There was no legal claim of national security. It was a made up claim that was going to be used behind-the-scenes to pressure the FBI to drop the investigation. If there was a legitimate national security risk involved Nixon himself would have picked up the phone, called Patrick Gray the head of the FBI and ordered him to drop the investigation. But there was no legitimate risk, which is why Nixon was acting secretly.

The reason the taped conversation was considered a smoking gun is, after months of denying he had even heard of the Watergate break-in until months after it happened, here's the president discussing it six days after the fact. Discussing ways to stop the FBI investigation of it.
 
There was no legal claim of national security.

Prove it.

Here is the scenario. A district attorney has brought charges. The defense has filed a motion to dismiss....Or we are at trial and the defense has just objected to the prosecutor's characterization of the law.

What does the judge rule based on what rule or precedent?
 
Bob this isn't current events. I'm not merely voicing my opinion. The verdict of history is pretty much in. Nixon was guilty as charged.
 
Prove it.

Here is the scenario. A district attorney has brought charges. The defense has filed a motion to dismiss....Or we are at trial and the defense has just objected to the prosecutor's characterization of the law.

What does the judge rule based on what rule or precedent?

What are you talking about?
 
Bob this isn't current events. I'm not merely voicing my opinion. The verdict of history is pretty much in. Nixon was guilty as charged.

As far as I can tell, there wasn't anyone pursuing criminal charges for obstruction of justice. Congress was, but that isn't a criminal proceeding. It is political.

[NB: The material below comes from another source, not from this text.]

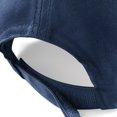 thumbnail image 4 of Beechfield Casquette de Baseball Originale 5 Panneaux (Lot de 2), 4 of 4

If it is so easy, no one has bothered to write down the test for assertion of national security. The Brandenburg standard has its own wikipedia page. There are dozens of articles on the legal aspects of the complicated and mundane. Where is it on this?
 
What are you talking about?

Suppose a hypothetical where Nixon doesn't resign, Congress doesn't pursue impeachment, but the DoJ pursues criminal obstruction of justice. Suppose the defense asserts the order was Legitimate national security concern. What does the actual precedent and laws say about it and how would a judge apply it?
 
As far as I can tell, there wasn't anyone pursuing criminal charges for obstruction of justice. Congress was, but that isn't a criminal proceeding. It is political.

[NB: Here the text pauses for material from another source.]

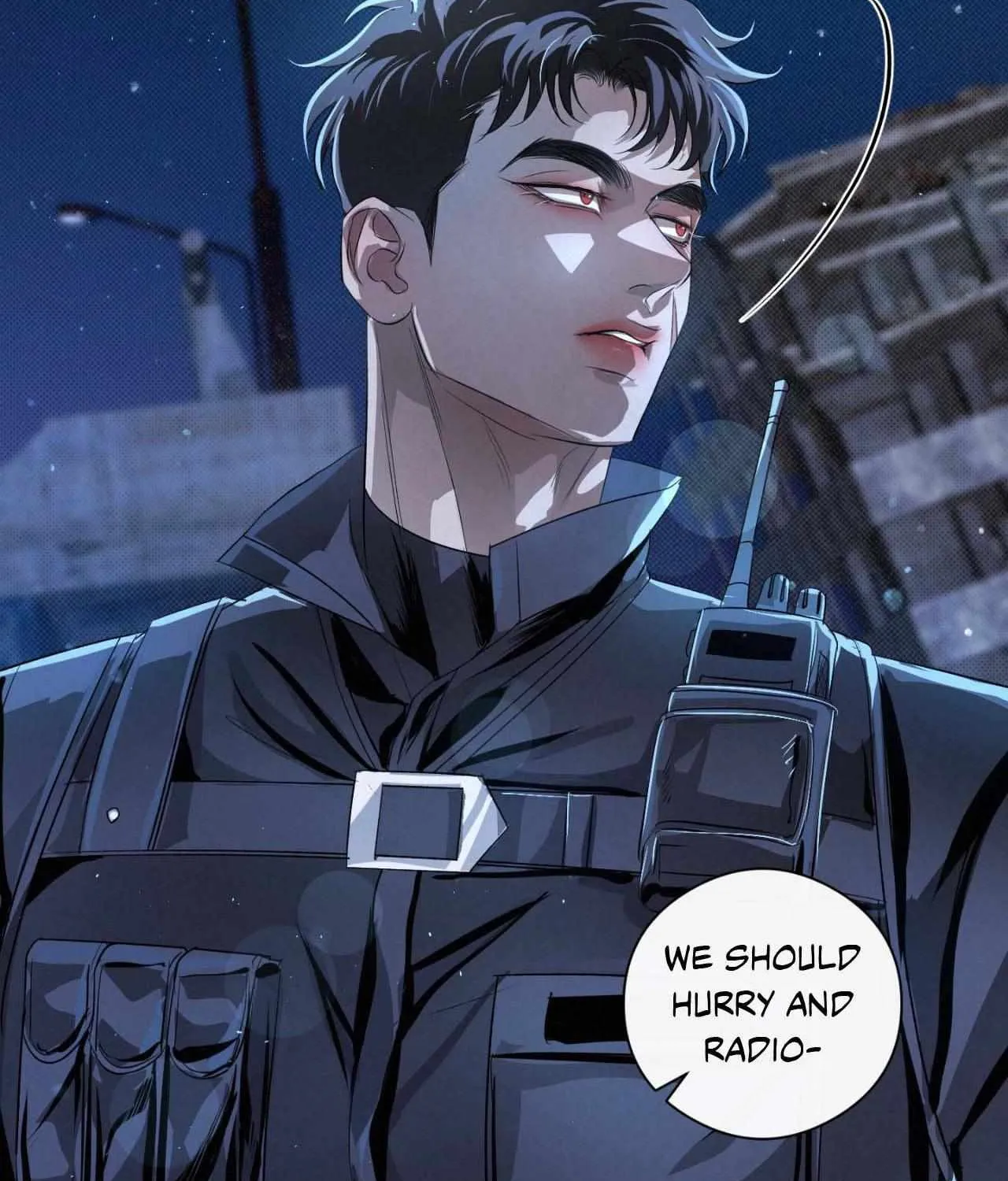 Read Bloodbound chapter 43 image 59 on Lezhin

If it is so easy, no one has bothered to write down the test for assertion of national security. The Brandenburg standard has its own wikipedia page. There are dozens of articles on the legal aspects of the complicated and mundane. Where is it on this?

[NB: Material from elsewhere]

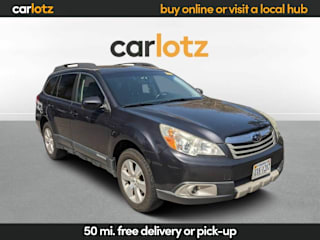 2012 Subaru Outback 4S4BRDLC7C2229355 2012 Subaru Outback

So what? Congress was going to impeach Nixon. They had enough proof to convict with the recordings.

While there may not be a test for national security, covering up a burglary being done on behalf of a political campaign is not national security.
 

Bob everything you're asking about is answered in the link that was posted (and which I'm repasting) above. You.re really making a mistake by not at least looking at it.

Article I was Obstruction of Justice. Section 3 reads:
  • approving, condoning, acquiescing in, and counselling witnesses with respect to the giving of false or misleading statements to lawfully authorized investigative officers and employees of the United States and false or misleading testimony in duly instituted judicial and congressional proceedings;
Section 5:
  • endeavouring to misuse the Central Intelligence Agency, an agency of the United States;

The "national security" issue Nixon talks about on tape is the Cuban Bay of Pigs invasion ten years earlier. That the investigation might "open that whole thing up again." Open what up again? That didn't make too much sense and is undoubtedly the reason the FBI Director Patrick Gray didn't buy it. Why Congress accused him of trying to "misuse the CIA."

Where you seem to be getting confused is, Nixon didn't try and use the national security claim as a legal defense. He tried to use executive privilege. Essentially he argued the president is above the law. Which is what I was referring to -- if the president does it it's not illegal -- which started this whole segueway.